Amber Asylum has been a force in the post-rock/post-metal domain, since the mid '90s. With their origin found back in 1996 with the release of Frozen In Amber, this intriguing band was able to keep a presence, unfortunately not as constant as we would prefer. The seven year drought leading to the release of 2007's Still Point was the first instance of a prolonged break from the band, but since then they appear invigorated, bringing another excellent album in Bitter River before laying low for a while (even though they released a live album, Live In Wroclaw.) So, Sin Eater comes six years after their last full-length, and also marks the first release of the band through Prophecy Productions.
The elements that forge the sound of Amber Asylum are quite diverse. Sure, we have seen post-rock and doom or sludge merge quite nicely, but the case with these guys that aspect is quite different. Firstly, it is the instrumentations that throw you off, since the band makes use of a classical instrumentation, with stunning string arrangements crafting a darker, mesmerizing sound. From the very intro of “Perfect Calm” that aspect flourishes, while the one-dimensional approach in terms of the tempo allows them to take their time in terms of progression, allowing for this chamber doom aspect to unfold.
That is probably the most accurate description I have seen in a while. Calling Amber Asylum's music chamber doom just feels right. The doom tone is heavily rooted within the core of the band, ranging from ethereal leanings to gloomy vibes. Especially when the vocal lines and drums are introduced in the music, the final picture just clicks and makes perfect sense. Another quality of doom that this band's possess is the sorrowful lead tones that creep in the tracks, with “Beast Star” and “Paean” filled with such parts. And the fact that those leads are actually coming from a string section is even more impressive and drenches the tone even more in the mournful congregation of Amber Asylum. It is simply a case of projecting the power of doom to a different domain, and that is what this band does so well, managing to unleash the heaviness and melancholy of doom without the need for distorted guitars, a point clearly made in the final part of “Perfect Calm.” The cover of Candlemass' “TOT,” one of the lesser known track of the legendary doom band (founded in the From The 13th Sun album,) fits perfectly with the sound of Amber Asylum, since it encompasses the heavy melody of the doom genre in its structure.

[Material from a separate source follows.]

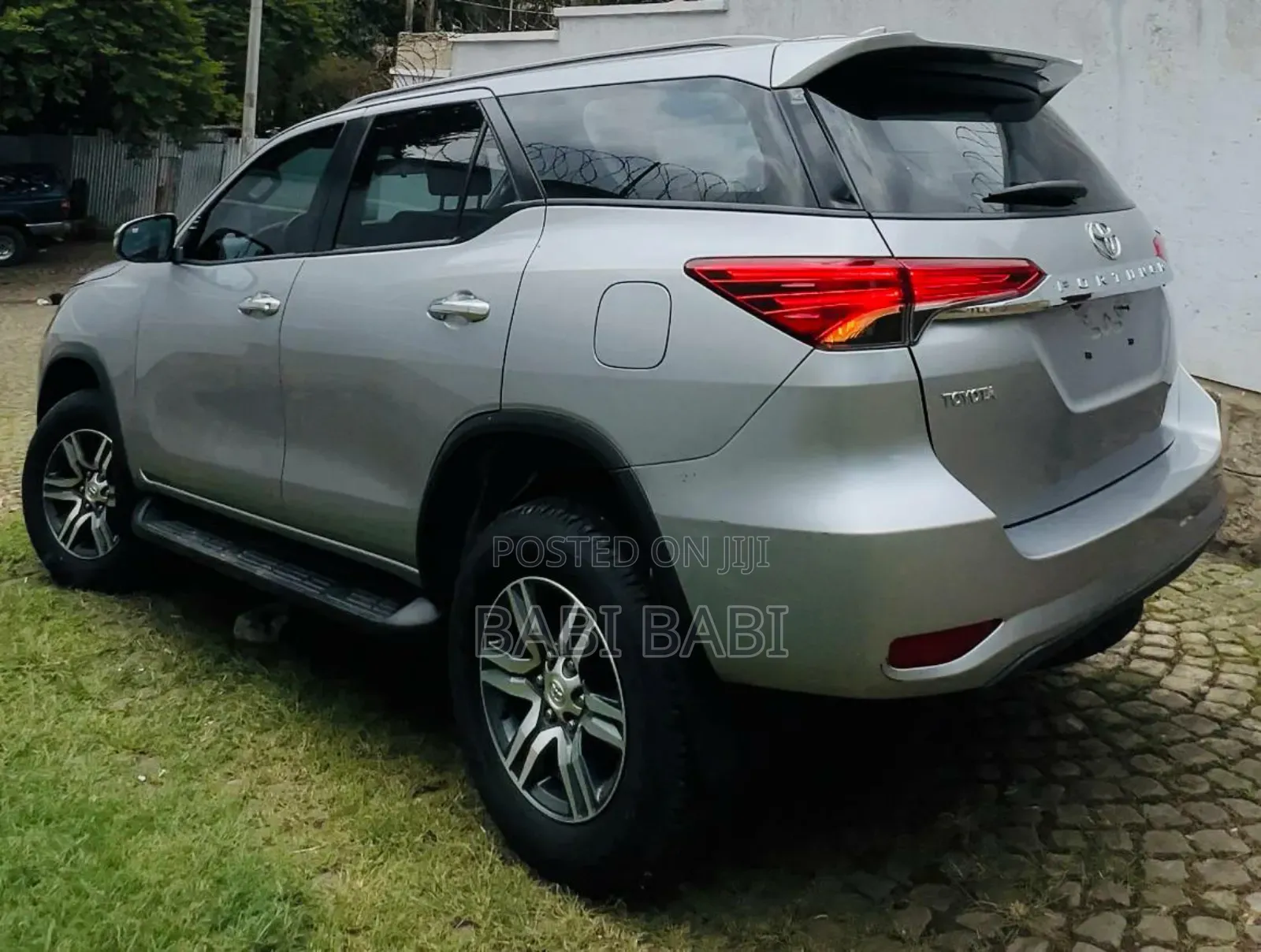 Toyota Fortuner 2023 Silver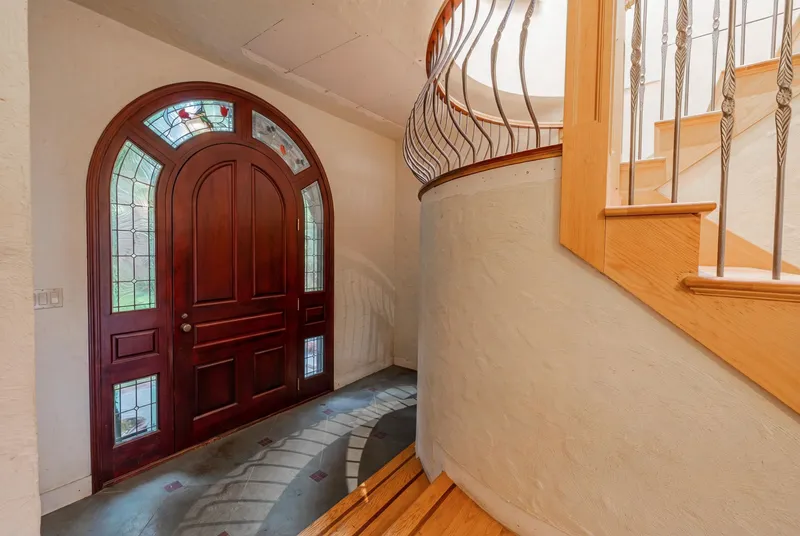 1650 PALMERSTON AVENUE - photo 4 of 25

However, there is a certain progression with Sin Eater, and even though the first five songs might convince you that this is all there is in Amber Asylum's music, there is something more twisted lurking. Some adjustments are found along the way: the minimal approach of “Harvester,” especially the intro, and the ritualistic, verging on militaristic, unfolding of “Paean” are preparing you for what the two final tracks of the album hold.
Taking on a more experimental outlook, Amber Asylum allow themselves to indulge in dissonance and sonic alchemy with “Executioner.” The saturated guitars kick off this spacious, solitary opus through the darkened mindset of its composers, with noise aspects coming in and the construction of soundscapes becoming surreal as synths are added to the towering track. The doom quality is still there, but it has been mutated, twisted beyond recognition. The title track takes over, seeing the band dwelling even deeper in this experimental territory, with a great arrangement of the strings in terms of the panorama of the track. The vibe is more aggressive, with a more direct tone revealing a hint of malice, as the abrupt pitch shifting turns to an even more relentless and constant sonic effect and merges with the background rhythmic patterns to make a constant, ever-changing force.
Sin Eater appears to contain two different identities. On one hand, there is the chamber doom self, taking the elements of doom and post-rock, channeling them through the classical leanings of Amber Asylum. However, it is the second aspect, the experimental self of Amber Asylum that takes this album to another level.